有关 client-go 使用示例的完整代码可以在这里找到：client-go

RESTClient 使用示例

// 配置 API 路径和请求的资源组/资源版本信息
config.APIPath = "/api"
config.GroupVersion = &corev1.SchemeGroupVersion

// 配置数据的编解码器
config.NegotiatedSerializer = scheme.Codecs

// 实例化 RESTClient 对象
restClient, err := rest.RESTClientFor(config)
if err != nil {
    panic(err)
}

// 预设返回值存放对象
result := &corev1.PodList{}

// Do 方法发起请求并用 Into 方法将 API Server 的返回结果写入 Result 对象中
err = restClient.Get().
    Namespace("default").
    Resource("pods").
    VersionedParams(&metav1.ListOptions{Limit: 500}, scheme.ParameterCodec).
    Do(context.Background()).
    Into(result)

ClientSet 使用示例

在 ClientSet 代码示例中，当使用 kubernetes.NewForConfig 函数初始化 ClientSet 客户端集合时，会级联构造出 CoreV1 资源组和资源版本的客户端集合对象（CoreV1Client）。
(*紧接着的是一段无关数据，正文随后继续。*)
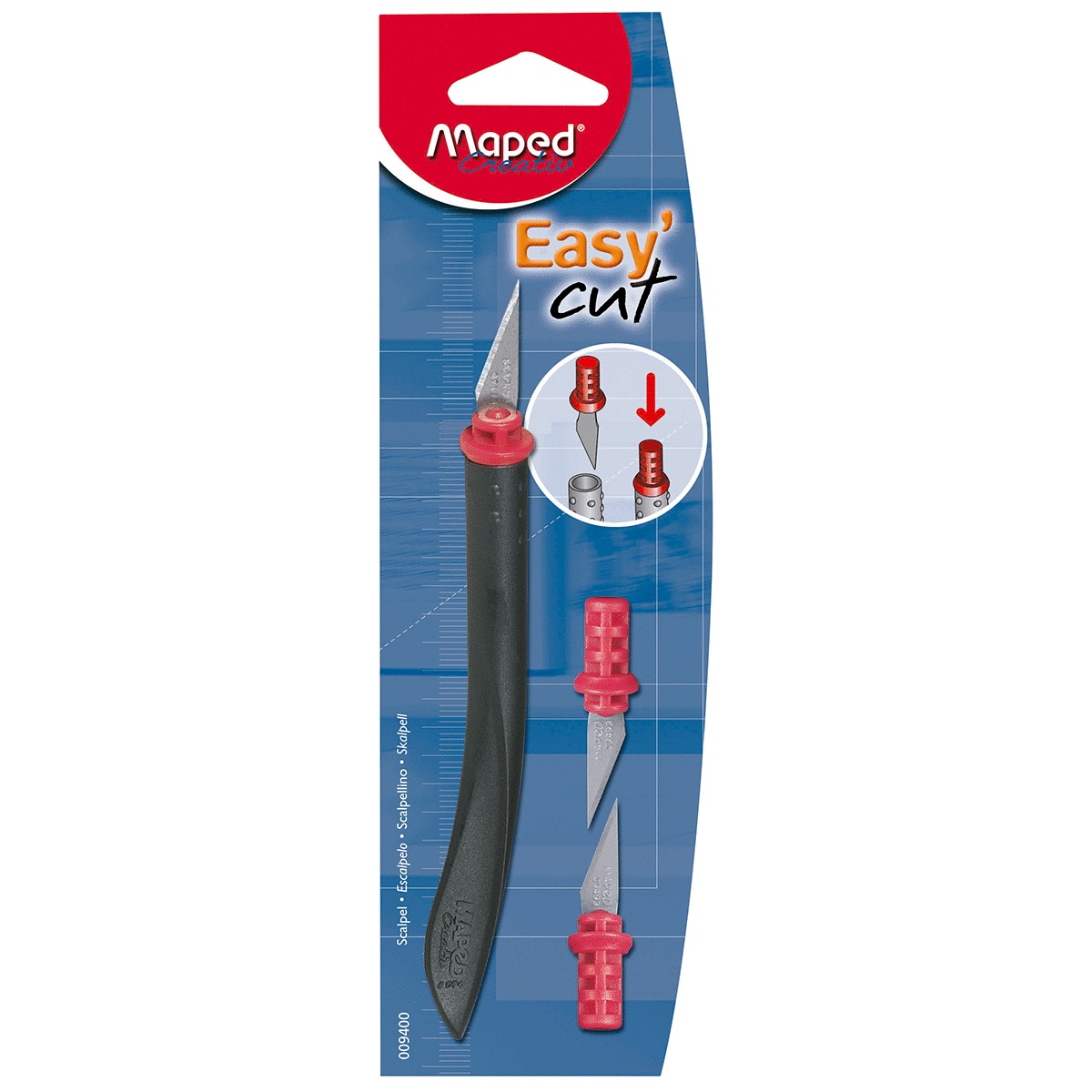 Cutter Exacto Maped Easy Cut Negro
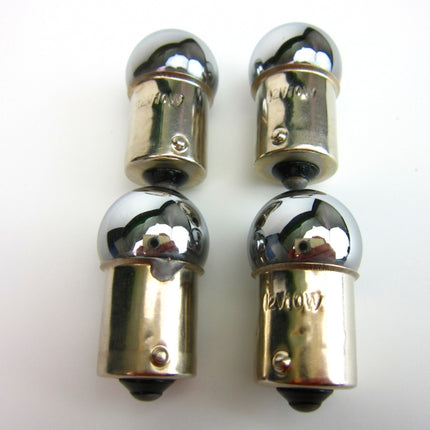 12V10Wウインカークロームオレンジ球(タイプG18)4個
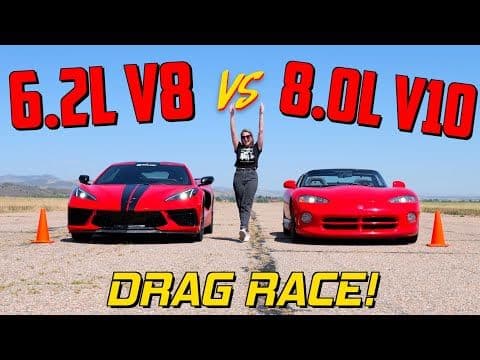 Duel Clasic vs Modern! Confruntare între Dodge Viper R/T10 din '94 și Chevrolet Corvette Stingray Nou-Nouț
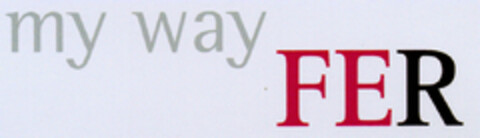 my way FER Logo (DPMA, 10.09.2001)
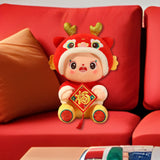 Maxbell Year of Dragons Plush Toy Cartoon Cuddly Lovely Plush Pillow for Children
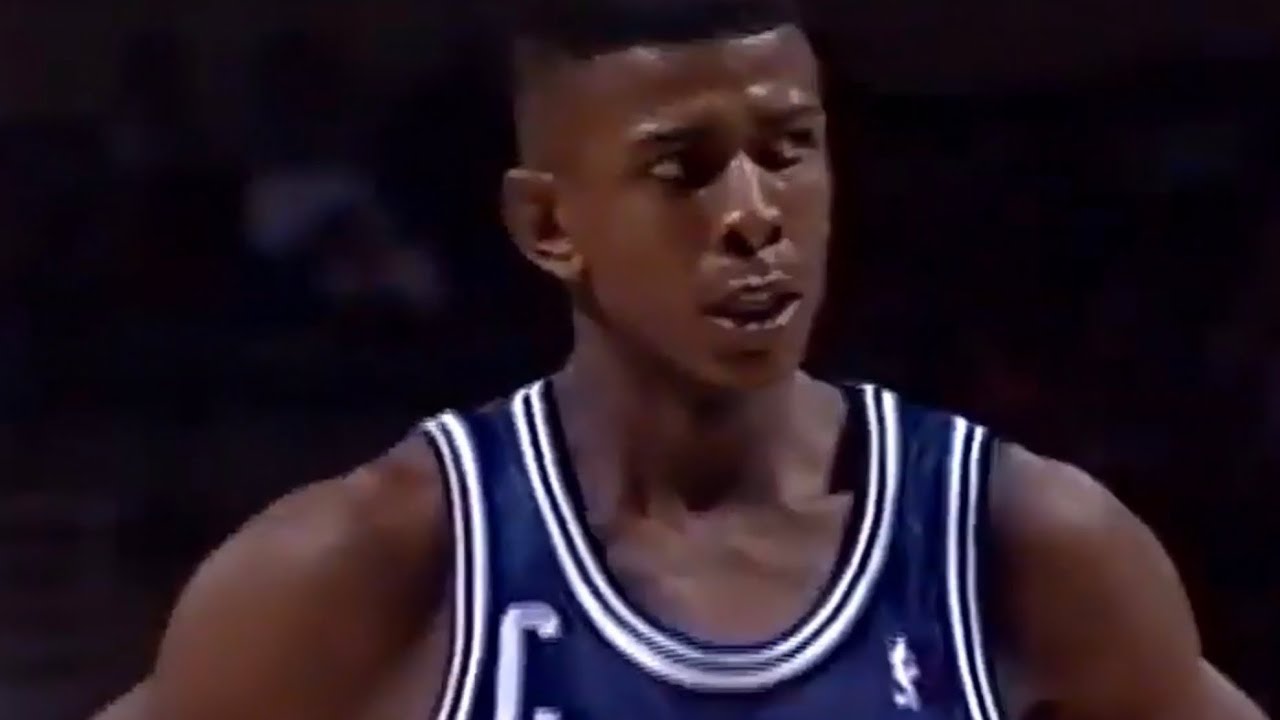 Doug West Timberwolves 25pts vs Bucks (1993)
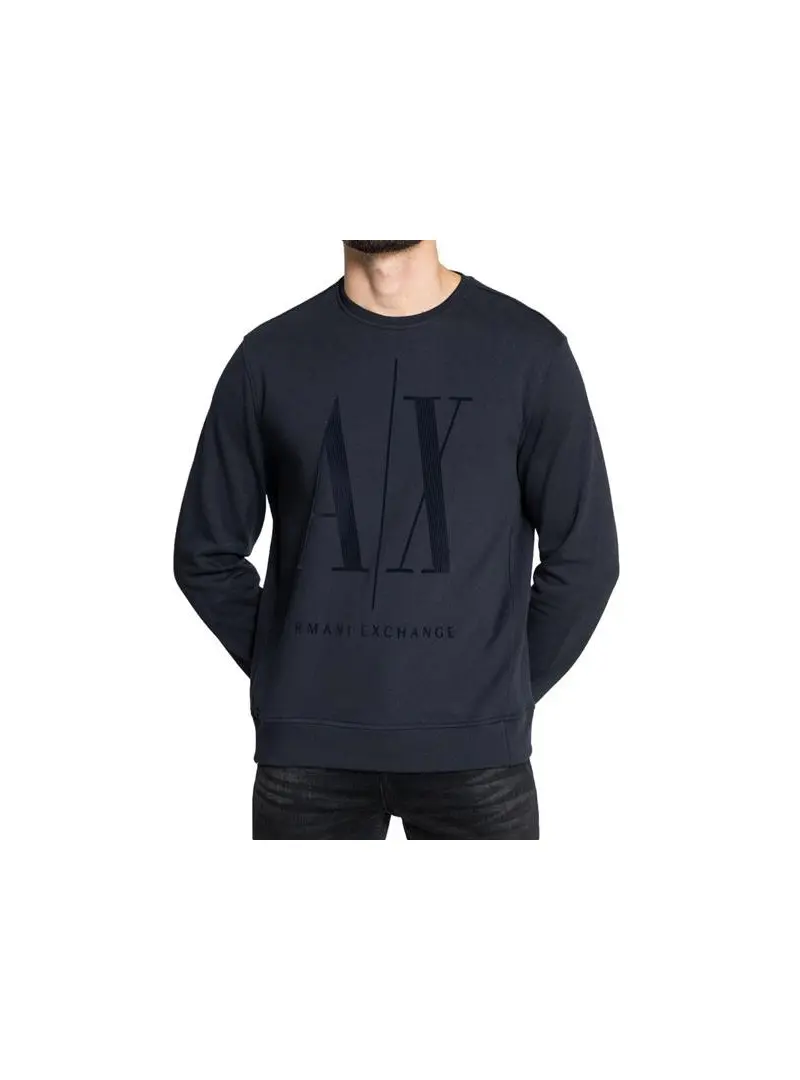 Armani Exchange Męska Bluza Felpa 8NZMPD-ZJ1ZZ-1510 Granatowy | Sklep Monotox
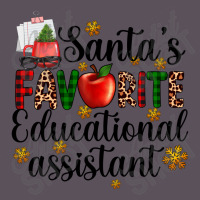 Santa's Favorite Educational Assistant Vintage Hoodie And Short Set | Artistshot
当使用 clientset.CoreV1().Pods 函数时会创建出 Pod 的专属客户端。

clientset, err := kubernetes.NewForConfig(config)
if err != nil {
    panic(err)
}

podClient := clientset.CoreV1().Pods(apiv1.NamespaceDefault)
list, err := podClient.List(context.TODO(), metav1.ListOptions{Limit: 500})

DynamicClient 使用示例

DynamicClient 之所以能够处理 CRD 资源，其关键在于 DynamicClient 内部实现了 Unstructured，用于处理非结构化数据（无法提前预知数据结构）。
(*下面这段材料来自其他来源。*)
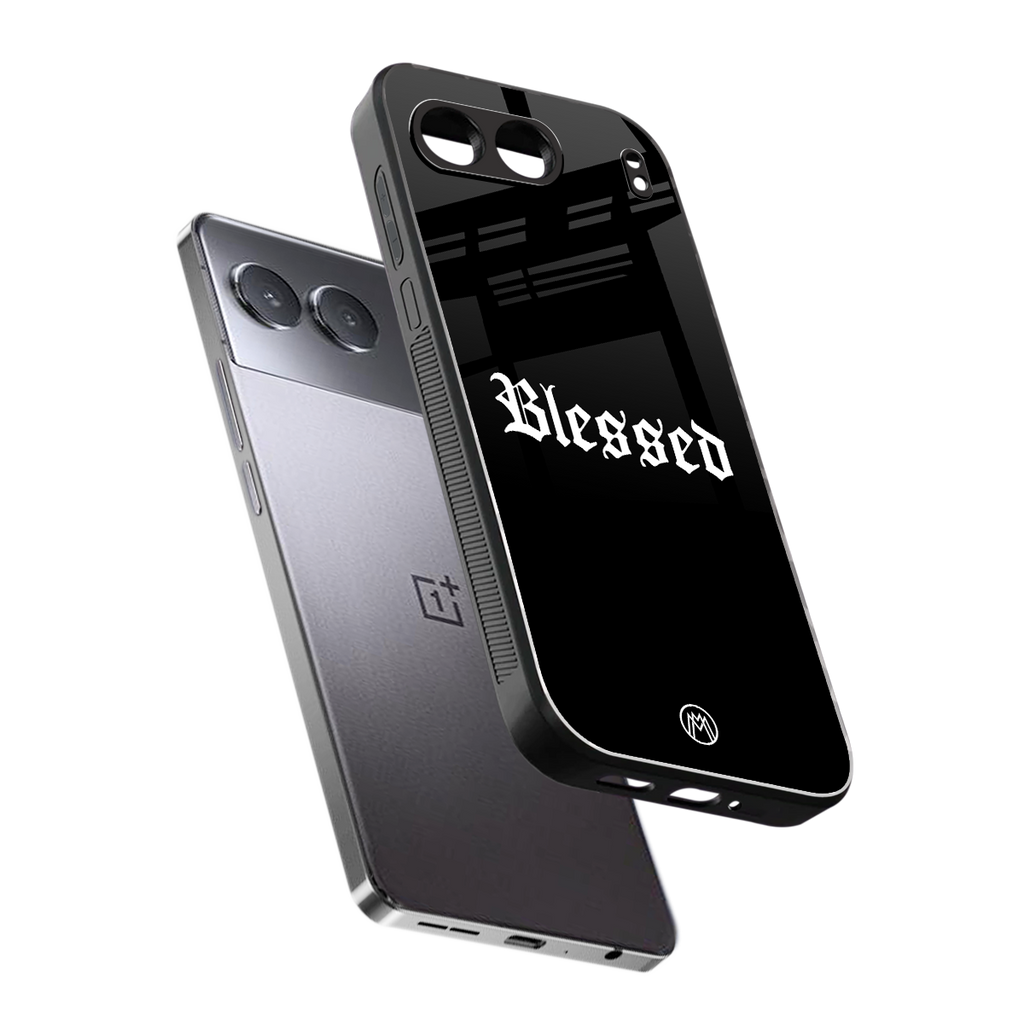blessed back phone cover | glass case for oneplus nord 4
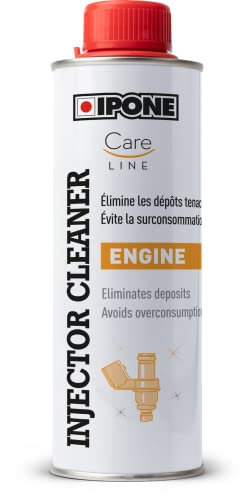 IPONE – Nettoyant Injecteurs Moto Injector Cleaner – Réduit les Emissions de Fumée – Rétablit les Performances Moteur d’Origine - Limite la Consommation d'Huile et de Carburant - 300 mL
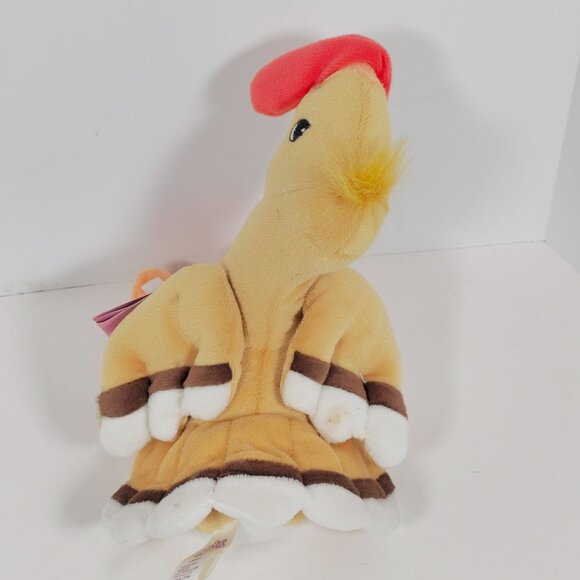 Enesco Precious Moments Tender Tails 1999 Chicken Plush Toy Stuffed Animal 9" - Picture 4 of 8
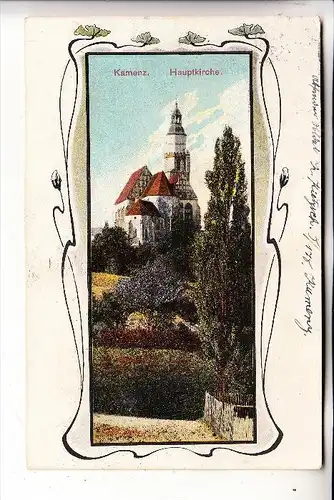 0-8290 KAMENZ, Hauptkirche, 1913, Jugendstilornamente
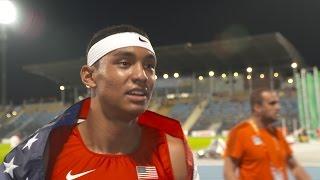 IAAF WU20 2016 Bydgoszcz 200m Final Men Gold Michael NORMAN JR USA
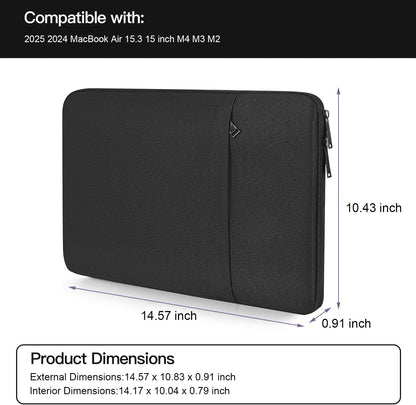 17 inch 360° Protective Laptop Case Sleeve for 2025 HP 17.3 Touchscreen Laptop,Envy 17,Pavilion 17,ASUS Vivobook 17, Shockproof Water-Resistant Computer Bag w/Accessory Pocket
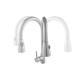 Brass Single Handle Kitchen Faucet Mixer Taps Contemporary Style
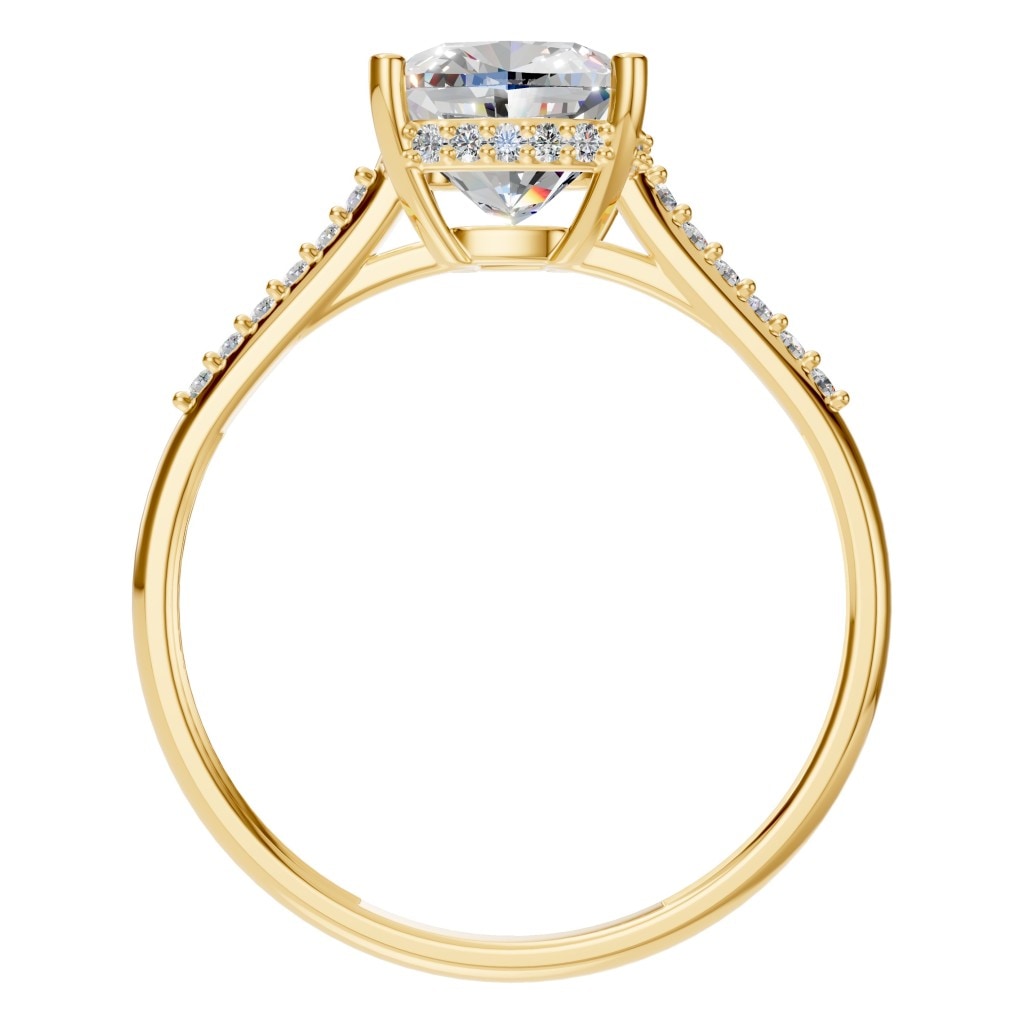 RI-9561 Yellow Gold Ring SET - Top View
dynamicClient, err := dynamic.NewForConfig(config)
if err != nil {
    panic(err)
}

gvr := schema.GroupVersionResource{Version: "v1", Resource: "pods"}
unstructObj, err := dynamicClient.Resource(gvr).Namespace("default").List(context.TODO(), metav1.ListOptions{Limit: 500})
if err != nil {
    panic(err)
}

list := &apiv1.PodList{}
err = runtime.DefaultUnstructuredConverter.FromUnstructured(unstructObj.UnstructuredContent(), list)

DiscoveryClient 使用示例

kubectl 命令行工具使用了 DiscoveryClient 的封装类 CachedDiscoveryClient，在第一次获取资源组、资源版本、资源信息时，会将响应缓存在本地磁盘，此后在缓存周期内再次获取资源信息时，会直接从本地缓存返回数据。CachedDiscoveryClient 的缓存信息默认存储在 ~/.kube/cache/discovery 和 ~/.kube/cache/http 目录中，默认缓存周期为 6 小时。

discoveryClient, err := discovery.NewDiscoveryClientForConfig(config)
if err != nil {
    panic(err)
}

_, APIResourceList, err := discoveryClient.ServerGroupsAndResources()
if err != nil {
    panic(err)
}

for _, list := range APIResourceList {
    gv, err := schema.ParseGroupVersion(list.GroupVersion)
    if err != nil {
        panic(err)
    }

    for _, resource := range list.APIResources {
        fmt.Printf("name: %v, group: %v, version: %v\n", resource.Name, gv.Group, gv.Version)
    }
}

参考资料：深入理解 Kubernetes 源码 P200 ～ P214

List 和 Watch 的实现原理

List-Watch 机制是 Kubernetes 的系统消息通知机制，该机制确保了消息的实时性、顺序性和可靠性。List 负责调用资源的 List RESTful API，基于 HTTP 短链接实现。

Watch 基于 HTTP 长链接实现，通过 HTTP/1.1 的分块传输编码（Chunked Transfer-Encoding）机制，在响应头中添加 Transfer-Encoding: chunked 字段，将数据分块传输给客户端。（在 HTTP2 中是基于 Server Push 实现的）

可以在访问 kube-apiserver 的 URL 后面添加 ?watch=true 参数，即可开启 Watch 监听。例如：

bash

# 绕过凭证验证
kubectl proxy --port 8080
curl http://localhost:8080/api/v1/namespaces/default/pods?watch=true

参考资料

Informer 机制

Reflector 数据同步

Reflector 的主要职责是从 kube-apiserver 拉取并持续监听（ListAndWatch）相关资源类型的增删改（Added/Updated/Deleted）事件，存储在由 DeltaFIFO 实现的本地缓存 (local store) 中，也就是 Indexer 中。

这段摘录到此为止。